Di situ kami boleh berdebat, bahkan memprotes kebijakan-kebijakan orang tua. Tapi, jangan harap kami masih dapat memprotes kalau sudah tidak duduk di meja itu. Di luar acara makan, kami tetap harus patuh dan hormat kepada orang tua,” kenangnya.
2. Pernah Menjadi Anggota Dewan
Dalam jenjang kariernya, Sylvi pernah menjabat sebagai anggota DPRD. Kesempatan ini datang menjelang reformasi 1998. Saat itu, ia sempat cuti di luar tanggungan negara karena terpilih menjadi anggota DPRD DKI periode 1997-1999 dari Golkar.
Namun, terbit peraturan pemerintah (PP) yang mengharuskan PNS tidak memihak atau netral dari partai politik. Sylvi kemudian memilih untuk kembali menjadi PNS. Hal itu dilakukannya dengan dua pertimbangan.
“Pertama, karena memang saya berasal dari PNS. Kedua, saya merasa bukan politisi tapi lebih merasa sebagai organisatoris,” ujarnya.
Akibat keputusan tersebut, sebelum terdaftar lagi sebagai PNS, Sylvi sempat dua bulan menganggur. Sebab, berdasarkan ketentuan yang berlaku, setelah berhenti menjadi anggota dewan tidak bisa langsung kembali ke posisi yang lama di PNS. Padahal, ia sebagai pegawai negeri saat itu sudah mencapai tingkat Eselon IV.
“Kebetulan karena kebijakan restrukturisasi, ada pejabat dari unsur TNI yang dikembalikan ke kesatuannya. Saya akhirnya ditarik ke Biro Dinas Sosial dan ditetapkan menjadi Kepala pada 1999. Itu terjadi setelah dua bulan saya lepas dari anggota dewan,” katanya.
3. None yang Menulis Buku
Mungkin tidak banyak orang yang mengetahui bahwa sebelum menjadi PNS dan anggota dewan, Sylvi pernah menjadi None Jakarta. Hal itu terjadi pada tahun 1981. Mengingat tahun kelahirannya pada 11 Oktober 1958, usianya saat itu adalah 23 tahun.
Selain itu, Sylviana Murni juga menulis buku bertemakan Betawi. Kedua buku itu ialah Nuju Bulanin ala Betawi (2011) dan Pernak Pernik Abang dan None (2011).

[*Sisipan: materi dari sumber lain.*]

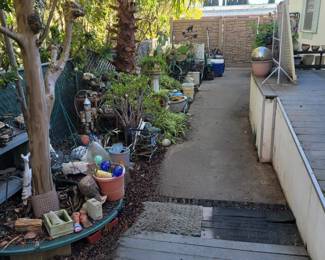 Yard art, plants, pots all for sale.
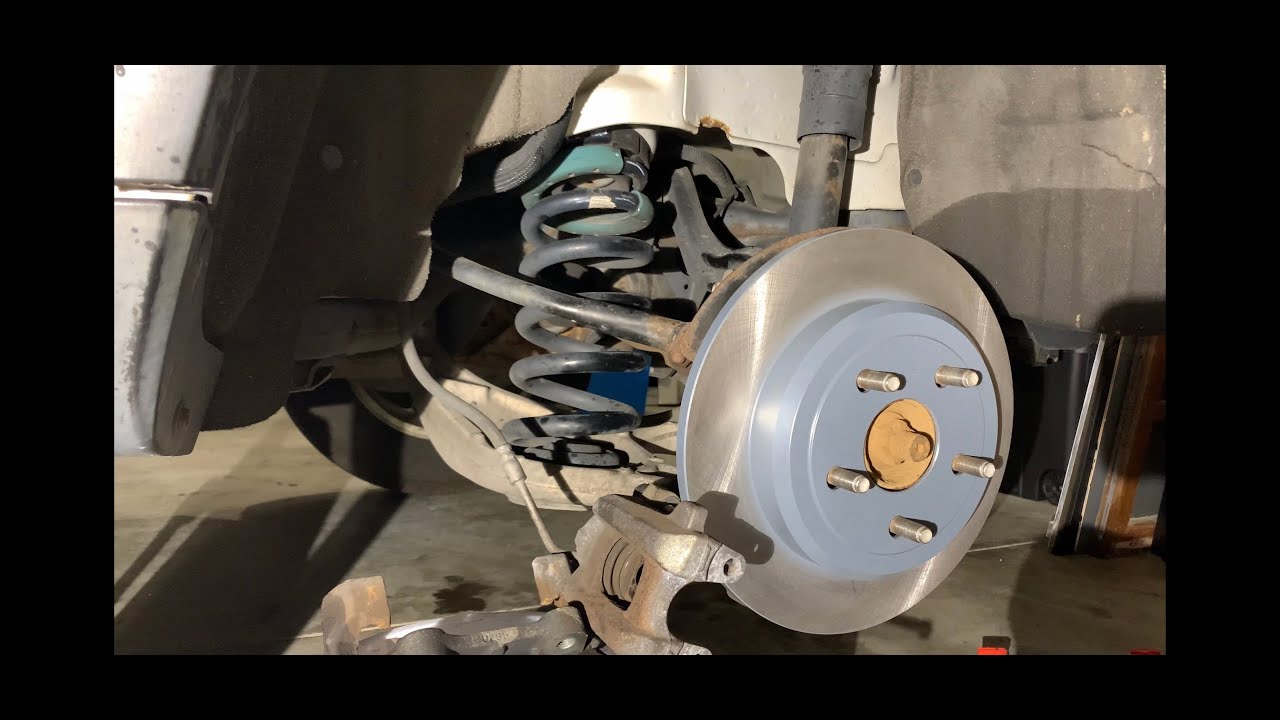 How to replace brake rotors and pads on Jeep Grand Cherokee Laredo 2011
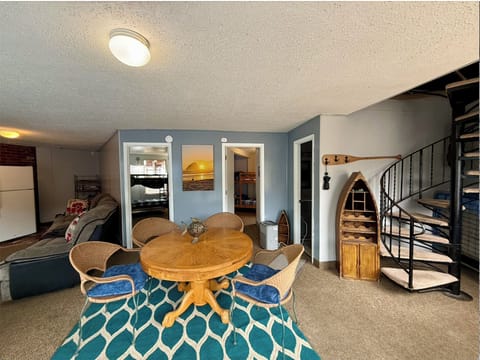 Downstairs entry showing bedrooms, bathroom and stairs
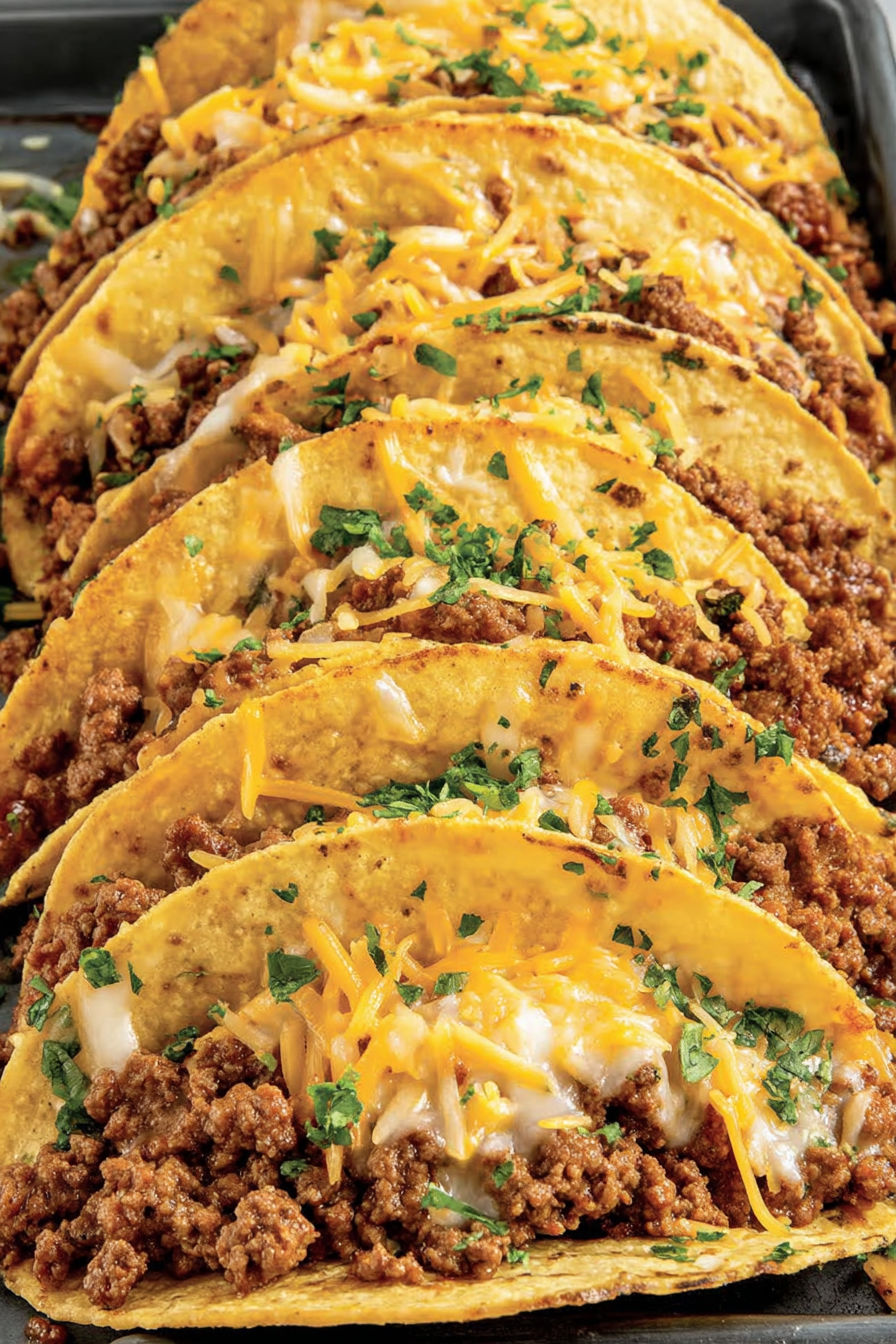 A plate of baked tacos with cheese and meat.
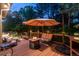 Cozy back deck with a fire pit, cushioned seating, and lush garden surroundings at 5063 E Otero Cir, Centennial, CO 80122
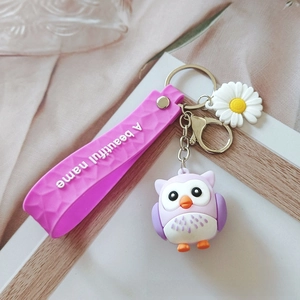 Detailed view of a purple owl keychain with silicone strap and daisy floral charm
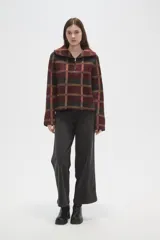 Sweater de tejido jacquard con diseño a cuadros en tonos bordó, negro y beige. Presenta un corte holgado, cuello solapa amplio y cierre frontal parcial con cremallera.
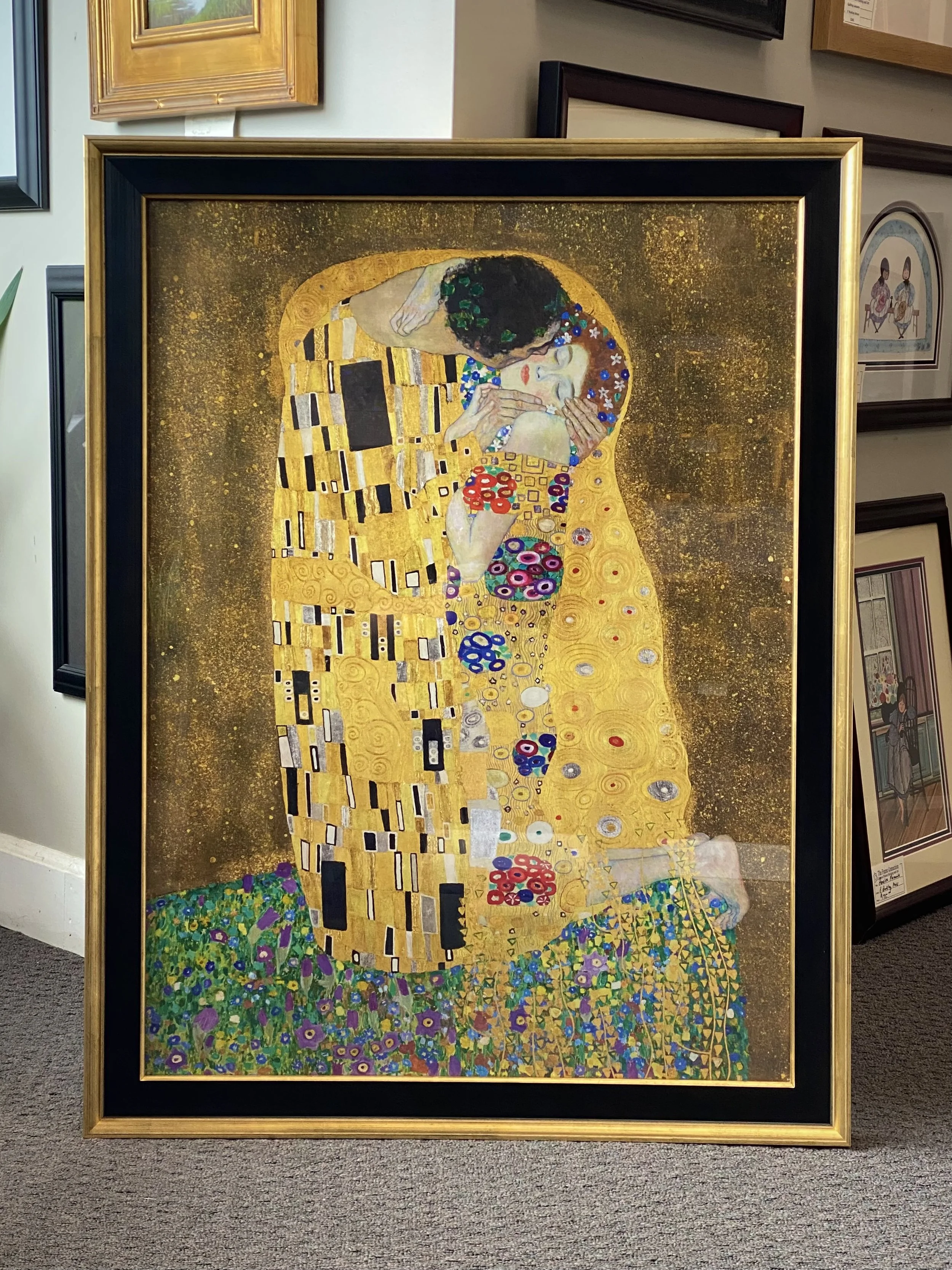 A framed reproduction of Gustav Klimt's painting 'The Kiss' displayed on a wall with other framed artworks around it. The painting depicts a couple embracing, with intricate gold patterns and floral motifs.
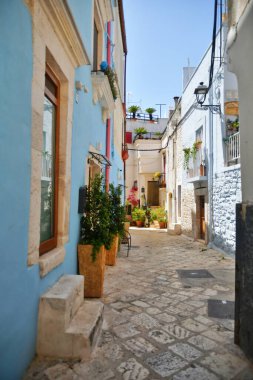 A narrow street between the old houses of Casamassima, an Apulian village in the province of Bari, Italy.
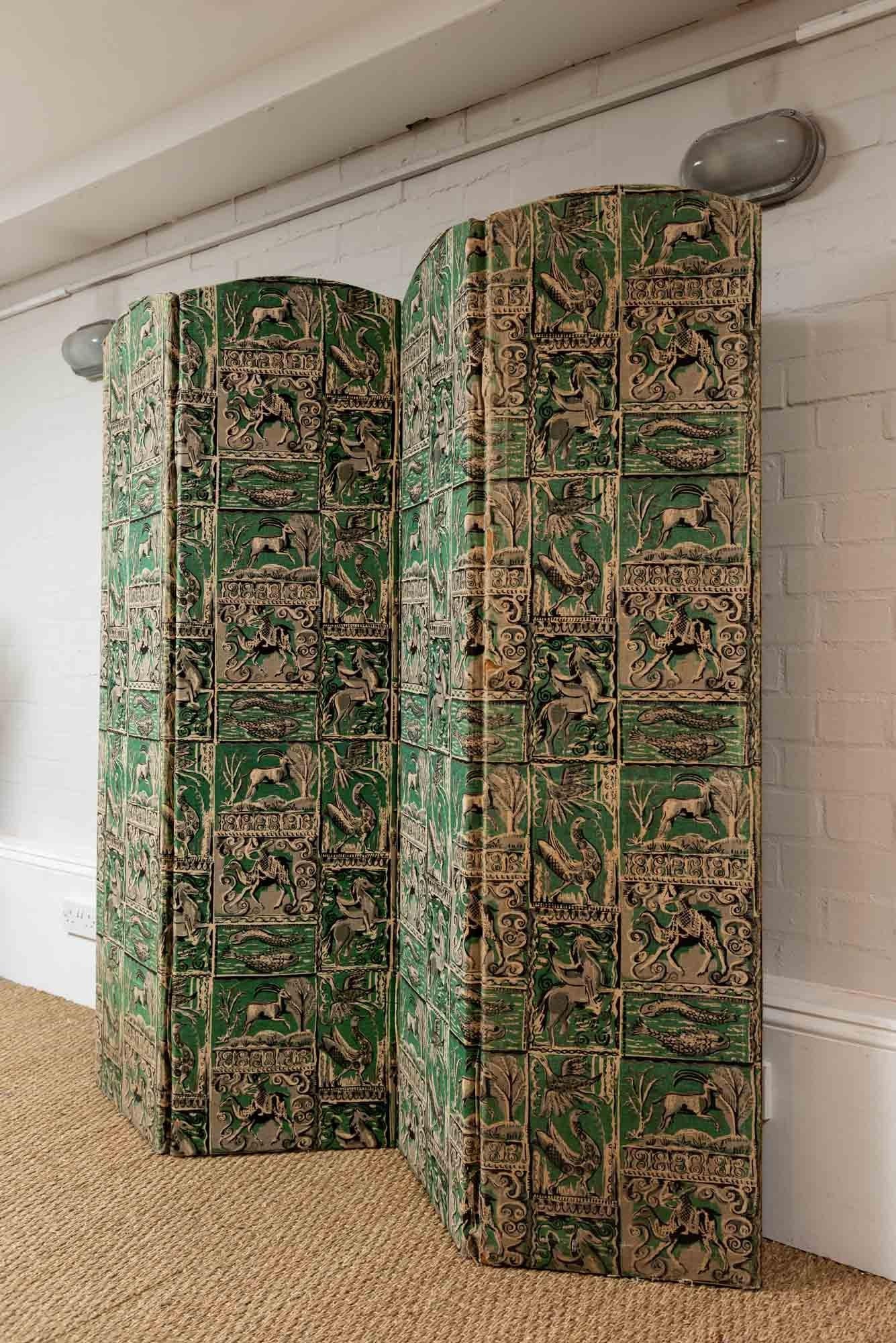 Beautiful four-fold printed floor standing screen in the style of Edward Bawden, circa 1930s. The screen is in a vivid green which is covered on both sides and features an unusual and interesting horoscope print design.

4. Pencetus Sekolah Gratis
Sekolah gratis menjadi visi Sylviana Murni saat menjabat sebagai Kepala Dinas Pendidikan Dasar DKI Jakarta pada 19 Oktober 2004. Untuk membuat sekolah gratis bagi SD dan SMP, Sylvi mengatakan bahwa pemerintah perlu menggulirkan program BOS (Bantuan Operasional Sekolah) yang dananya bersumber dari APBN dan BOP (Bantuan Operasional Pendidikan) yang diambil dari APBD DKI Jakarta. Gagasan tersebut disetujui anggota dewan.
5. Sylviana dan Uang Kesra Guru
Peran besar Sylvi lainnya ketika menjadi Kadis Pendidikan Dasar DKI Jakarta adalah dalam hal peningkatan uang kesra guru di DKI Jakarta. Alhasil, tahun 2006, setiap guru menerima uang kesra sebesar Rp2 juta per bulan.
Sylvi memiliki alasan atas hal ini. Menurutnya, uang kesra ini sangat penting untuk meningkatkan loyalitas dan profesionalitas seorang guru dalam melaksanakan profesinya.
Sejumlah fakta di atas menjadi catatan penting untuk menjawab keraguan banyak pihak atas prestasi Agus dan Sylviana Murni.
Mereka berdua bukan tokoh karbitan yang muncul mendadak. Mereka sangat mumpuni untuk bisa membangun Jakarta.